Quelques années seulement suffirent à ce que ces clubs d’amoureux du houblon rassemblent des milliers de personnes. En 1978, le gouvernement fédéral abrogea l’interdiction de brasser de la bière chez soi, suivi petit à petit par les États (il reste toutefois quelques États retardataires dans lesquels le brassage amateur est encore interdit ou sérieusement restreint).

Les hordes de brasseurs amateurs de Papazian finirent par former un véritable mouvement populaire avec un certain sentiment de responsabilité envers la bière. Nombre de brasseurs professionnels d’aujourd’hui, parmi les plus talentueux, sont issus de ces groupes, ce qui fait que la démarcation est mince entre amateurs de bière et brasseurs.

Le bureau

Le mouvement n’avait pas pour seule vocation de brasser de la bière —il s’agissait également de savoir la décrire, la classer en catégories et la juger. Rien que cette année, plus de 6.000 personnes ont reçu leur diplôme de dégustateur chevronné du Beer Judge Certification Program. La demande annuelle est telle que l’organisme ne parvient pas à corriger assez d’examens pour y répondre.

Les brasseurs amateurs peuvent également se faire élire au bureau qui définit les caractéristiques propres aux différents styles de bières, afin de faire, par exemple, la différence entre une saison et une bière de garde, ou entre un stout et un porter. Et si vous n’êtes pas d’accord avec leurs décisions, il vous suffit d’envoyer un e-mail à l’un des sept membres du bureau actuel. En revanche, bonne chance pour vous faire entendre si vous n’êtes pas d’accord avec les critères de l’AOC qui régissent la production de vin de Bordeaux.

Le produit lui-même est démocratique. Les concours de vignerons sont injustes à la base car le vin est un produit agricole, de terroir. Sans sol adéquat et conditions climatiques clémentes, même le plus doué des vignerons est incapable de produire un bon vin.

Avec la bière, les concurrents jouent à armes égales. La plupart des brasseurs —professionnels ou amateurs— se fournissent en malt et en houblon auprès d’une poignée de fournisseurs, si bien que le terroir joue un rôle mineur sur la qualité du produit final. Le seul véritable élément imprévisible est l’eau, mais quelques notions de chimie et un peu de savoir faire permettent d’arranger rapidement cela. Si tout le monde part à égalité, c’est le meilleur brasseur qui doit gagner le plus souvent.

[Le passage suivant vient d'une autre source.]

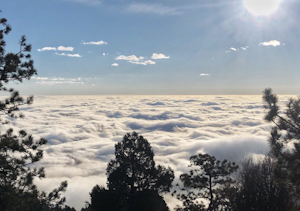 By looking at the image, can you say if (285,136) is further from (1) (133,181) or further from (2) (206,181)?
(1) (133,181)

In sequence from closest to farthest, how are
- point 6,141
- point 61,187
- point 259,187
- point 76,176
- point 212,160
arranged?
1. point 6,141
2. point 259,187
3. point 212,160
4. point 61,187
5. point 76,176

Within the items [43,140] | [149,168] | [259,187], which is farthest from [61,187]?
[259,187]

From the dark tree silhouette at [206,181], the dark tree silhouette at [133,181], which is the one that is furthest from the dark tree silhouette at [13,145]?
the dark tree silhouette at [206,181]

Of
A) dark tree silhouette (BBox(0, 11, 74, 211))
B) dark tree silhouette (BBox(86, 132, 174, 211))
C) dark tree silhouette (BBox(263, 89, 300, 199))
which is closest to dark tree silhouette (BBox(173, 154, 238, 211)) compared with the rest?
dark tree silhouette (BBox(86, 132, 174, 211))

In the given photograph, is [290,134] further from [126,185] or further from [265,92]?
[126,185]

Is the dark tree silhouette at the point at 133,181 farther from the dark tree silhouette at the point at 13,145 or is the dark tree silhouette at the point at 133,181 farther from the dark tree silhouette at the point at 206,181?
the dark tree silhouette at the point at 13,145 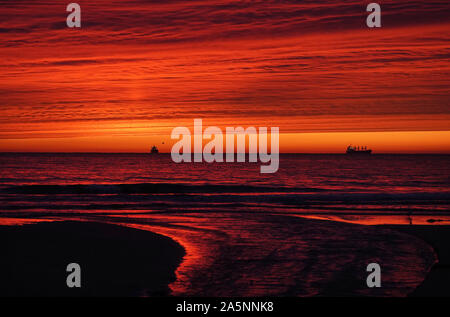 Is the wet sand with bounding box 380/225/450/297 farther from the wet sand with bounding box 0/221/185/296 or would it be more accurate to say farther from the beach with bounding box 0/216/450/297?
the wet sand with bounding box 0/221/185/296

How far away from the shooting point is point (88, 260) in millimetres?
13789

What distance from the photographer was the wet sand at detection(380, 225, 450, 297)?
10710 millimetres

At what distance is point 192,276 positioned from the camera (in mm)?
12047

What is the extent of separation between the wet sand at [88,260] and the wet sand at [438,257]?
5109mm

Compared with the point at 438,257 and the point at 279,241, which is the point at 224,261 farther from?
the point at 438,257

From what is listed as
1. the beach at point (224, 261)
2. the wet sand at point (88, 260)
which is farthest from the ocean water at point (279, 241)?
the wet sand at point (88, 260)

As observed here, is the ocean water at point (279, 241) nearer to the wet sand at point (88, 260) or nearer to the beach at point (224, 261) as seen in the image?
the beach at point (224, 261)

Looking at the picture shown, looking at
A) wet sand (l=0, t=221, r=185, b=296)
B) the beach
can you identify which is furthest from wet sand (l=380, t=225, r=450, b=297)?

Pliny the Younger l'égalitaire contre Westvleteren 12 la secrète

L’ascension de Pliny the Younger au sommet de la liste de BeerAdvocate.com est une autre preuve de l’esprit de démocratie qui anime le monde des amateurs de bière. Jusqu’à récemment encore, c’était une bière belge, la Westvleteren 12, qui dominait tous les classements. Le monastère trappiste qui produit la bière la sort au compte-gouttes et acheter une caisse de Westvleteren donne presque l’impression d’avoir été admis dans une société secrète.

Il faut d’abord la réserver, parfois des mois à l’avance, en appelant un numéro spécial où l’on vous dira quand venir chercher votre bière. Il faut également indiquer le numéro d’immatriculation de son véhicule afin que l’on vous laisse accéder à l’abbaye. Enfin, le monastère ne vous laissera repartir avec sa bière qu’après que vous vous soyez engagé à ne pas la revendre.

En revanche, n’importe qui peut acheter de la Pliny the Younger (il faut juste réussir à s’en procurer avant que les stocks ne s’épuisent). C’est une bière égalitaire —le genre de bière qui mérite bien de figurer en tête des classements.

Brian Palmer

Traduit par Yann Champion

Note du traducteur (lui aussi dégustateur de bière amateur): Même s’ils rassemblent véritablement des amateurs du monde entier, les sites BeerAdvocate.com et Ratebeer.com (soit les deux plus grandes communautés d’amateurs de bière au monde) sont anglophones et leurs membres ont donc tendance à mettre à l’honneur des bières anglo-saxonnes, auxquelles la majorité d’entre eux ont plus facilement accès. On notera aussi qu’en Europe, il est sans doute plus facile de se procurer de la Westvleteren 12 que de la Pliny the Younger.